As part of our study we also examined the extent to which an individual dispositional variable, "need for cognition," might influence the processing and subsequent recall of attribute information. The "need for cognition" scale was developed to distinguish between individuals who tend to engage in and enjoy effortful analytical activity, and those who do not (Cacioppo and Petty 1982). It has been shown that individuals high (vs. low) in "need for cognition," when presented with a persuasive message, subsequently recalled more message arguments and reported expending more cognitive effort in processing the message (Cacioppo, Petty, and Morris 1983). Thus, in our study we expected high (vs. low) "need for cognition" individuals to recall more attribute information, particularly in rapid-paced information presentation conditions. We hoped that this might provide a useful 'benchmark" with which the effect size in recall due to chronic accessibility might be compared. We anticipated that the recall effect due to domain-specific individual differences, such as the chronic accessibility of a particular product attribute, should be considerably larger than the effect due to domain-neutral individual differences such as "need for cognition."



Eighty-one undergraduates in a large public university were recruited for the study and received extra class credit for their participation.


Subjects participated in two supposedly "unrelated" studies, with an interval of about three weeks between the two.

The first session used a memory probe in order to elicit chronically accessible attributes from subjects. A modified version of the card-listing method used by Zajonc (1960) and Higgins, King, and Mavin (1982) was employed for this purpose. Subjects were informed that they were participating in a study of consumers' perceptions of different products. Attributes were elicited for several different product categories (e.g., automobiles, banks). For each product category, subjects were asked to list on blank cards the attributes or characteristics that came to mind in four different contexts of product affect, namely, "like, "dislike," "seek," and "avoid." For example, on the first page of the booklet they were instructed to "think of the type of automobile that you like a lot. What are the characteristics or aspects of such an automobile that come to your mind? Taking one blank card each time from the card pile, please write down these characteristics in the order in which they occur to you." The order of presentation of the various product categories in the booklet was rotated so that subjects had to elicit attributes for several other products in between tasks related to the same product. The order of production of attributes in each task was recorded by the subject. Each attribute was written on a separate card which the subject then turned over and kept face down. Subjects were instructed to complete the tasks without looking back at the cards on which they had already written. After the attribute elicitation was completed, subjects filled out the 34-item "need for cognition" scale (Cacioppo and Petty 1982). Subjects' responses on the 34 items (scale of +4 to -4) were summed up (after adjusting the sign of reverse scored items) in order to derive their "need for cognition" (NFC) scores.

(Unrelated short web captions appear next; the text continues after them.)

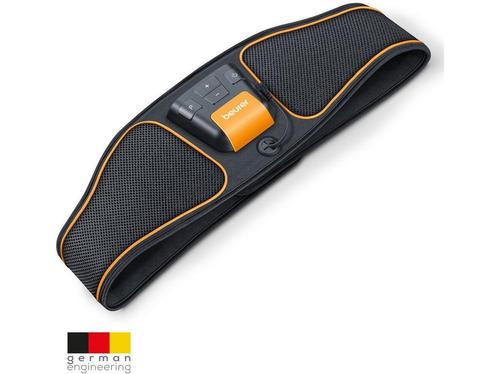 Beurer EM 37 EMS Buikspiertrainer – Ab Trainer met 4, Huis en Inrichting, Woonaccessoires | Overige, Zo goed als nieuw, Verzenden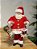 PAPAI NOEL COLECIONÁVEL 28CM - Imagem 2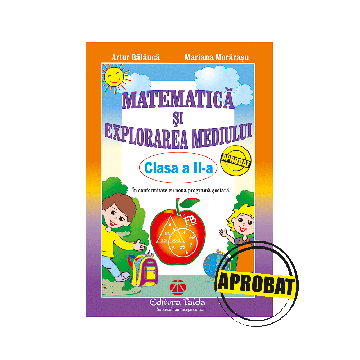 Matematica si explorarea mediului clasa a II-a (Taida)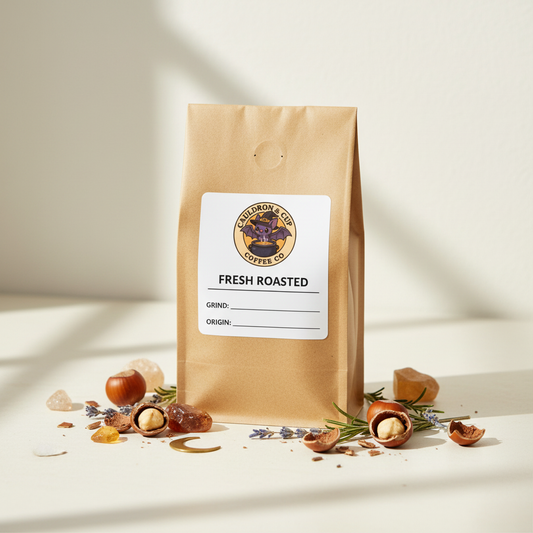 Hazelnut Coffee - Light & Witchy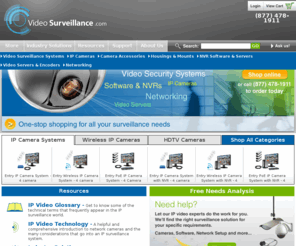 videosurvellence.com: Video Surveillance and Security Camera Information and Resources
VideoSurveillance.com is your comprehensive source for information on video security applications and developments in the areas of IP surveillance, security camera technology, CCTV, video analytics, and much more.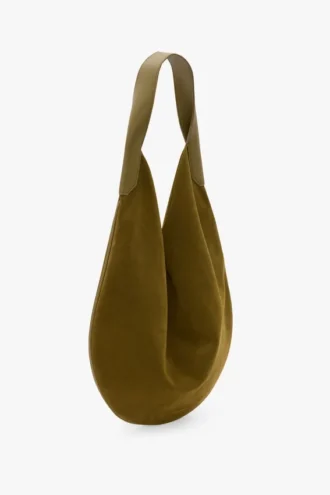 Soft Plié Hobo-tasse in cactusgroen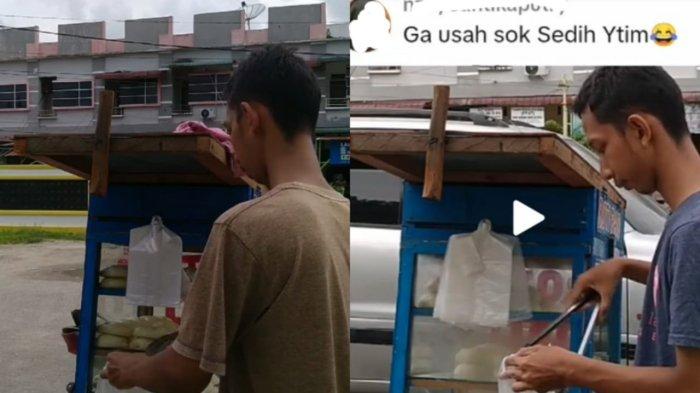 Penjual bakpao pilu diejek miskin dan yatim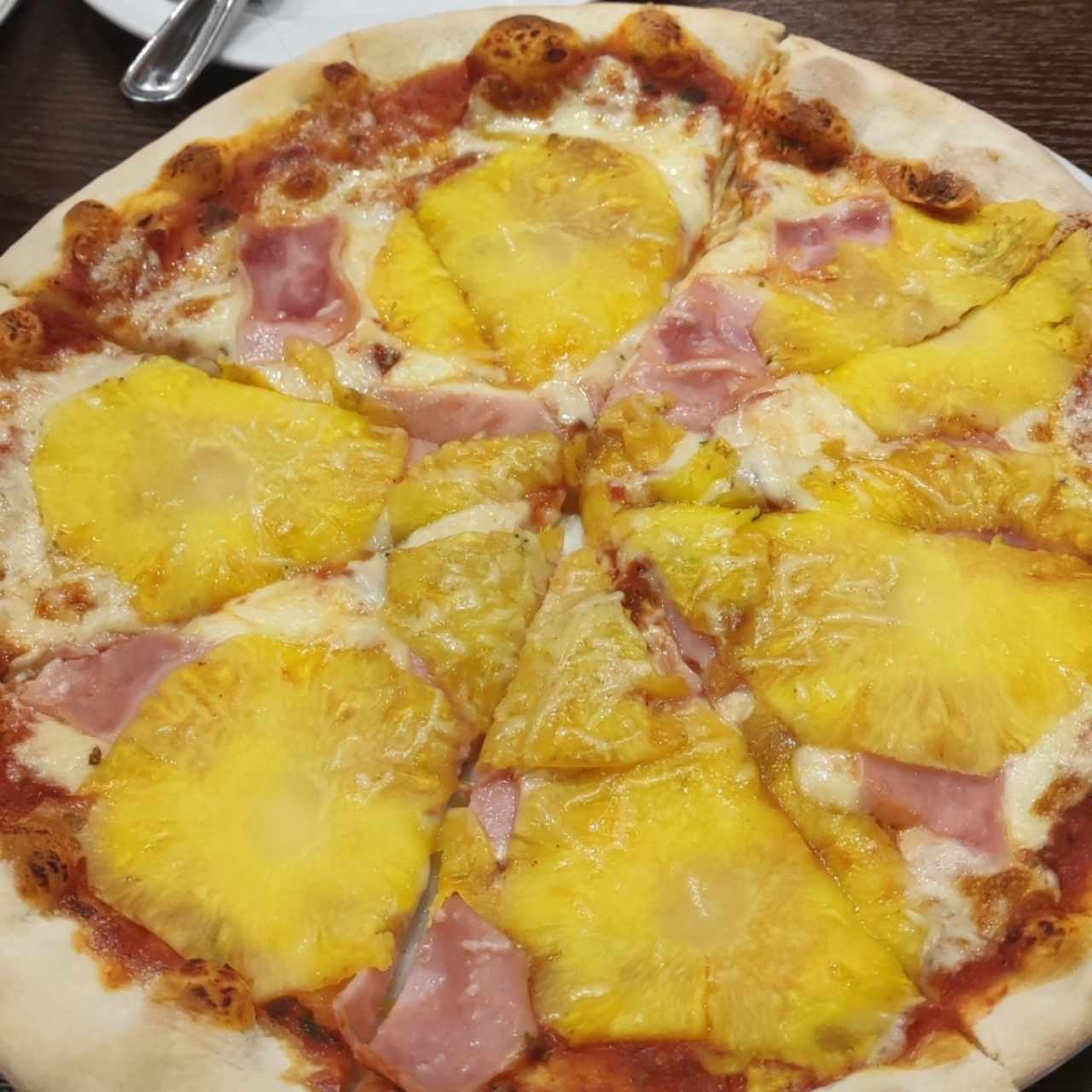 Pizzas - Hawaiana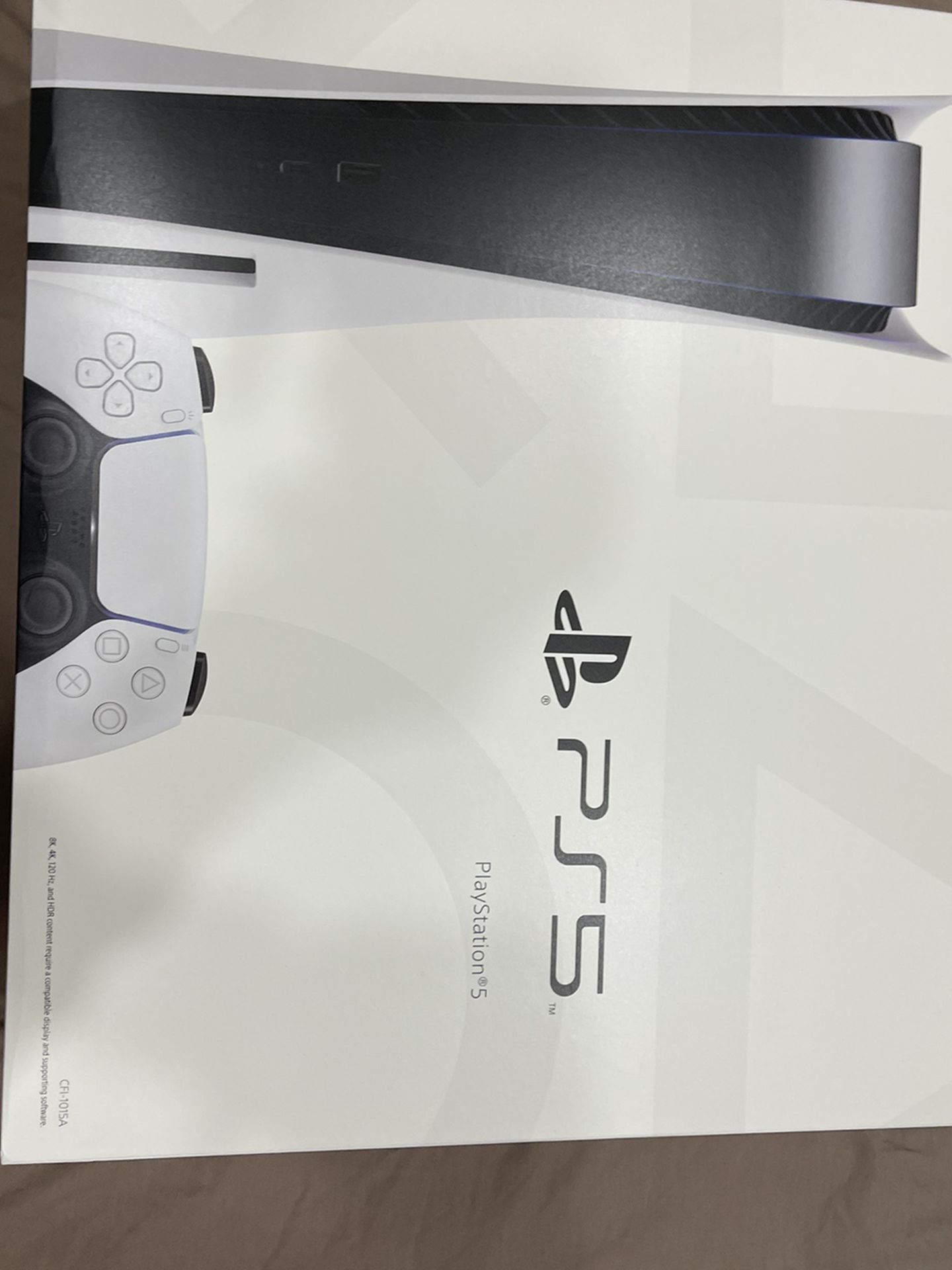 PS5 BRAND NEW NEVER OPEN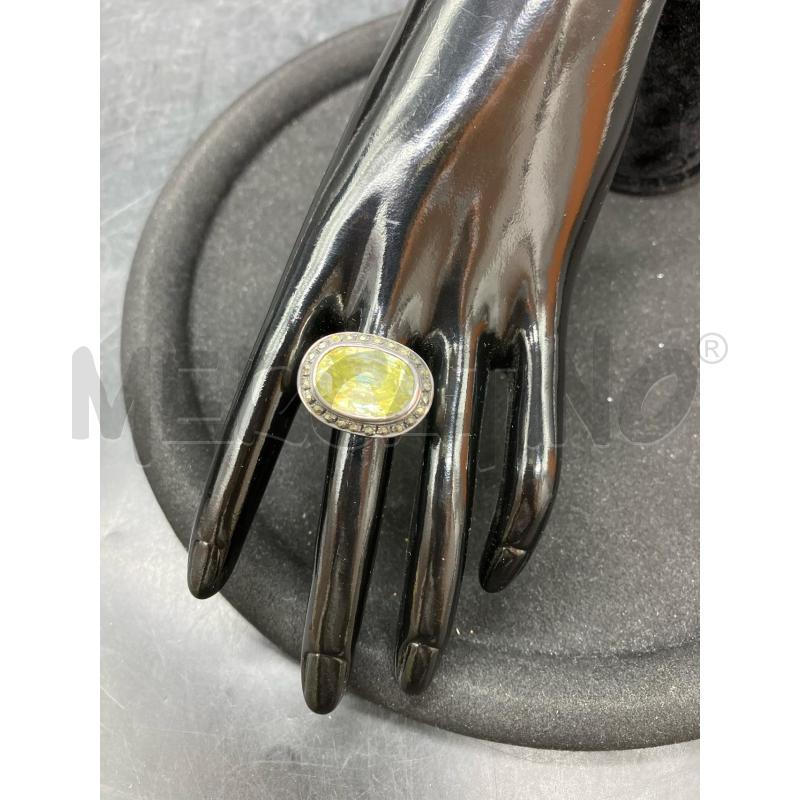 ANELLO FUSION QUARZO CITRINO | Mercatino dell'Usato Roma eur 1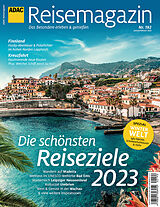 Kartonierter Einband ADAC Reisemagazin Die schönsten Reiseziele 2023 von 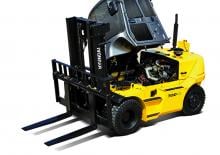 Carretillas elevadoras diesel Hyundai 70D-9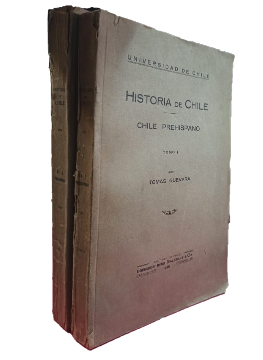 Historia de Chile, Chile PrehispÃ¡nico 2 volÃºmenes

The attributes produced by the subjects in the above session were analyzed as follows. First, the data were scrutinized with the goal of selecting a target product category and a related target attribute on which subjects revealed a clear pattern of inter-individual differences with respect to attribute accessibility. The category banks was selected, with the target attribute friendly employees. Next, the attribute data produced by the subjects were analyzed in order to classify them on the basis of whether the target attribute was chronically accessible ("Chronics") or inaccessible ("Nonchronics"). Following the procedures of Higgins, King, and Mavin (1982) and Bargh (1984), attribute accessibility was operationally defined on the basis of both frequency and primacy of attribute production. Synonyms and antonyms of-the target attribute were taken into account in the analysis. As mentioned earlier, subjects had produced attributes for the category banks in four different contexts of affect. The criterion used to classify a subject as a "Chronic" was that the target attribute should have been listed in either the first or the second serial position in a minimum of two out of the four contexts. Subjects were classified as "Nonchronics" if the target attribute did not occur in the first four serial positions in any of the four contexts. These criteria resulted in 28 subjects being classified as "Chronics" and 21 as "Nonchronics"; the remaining 32 subjects were eliminated from the second study reported below, since they could not be identified as clearly belonging to either of the two categories.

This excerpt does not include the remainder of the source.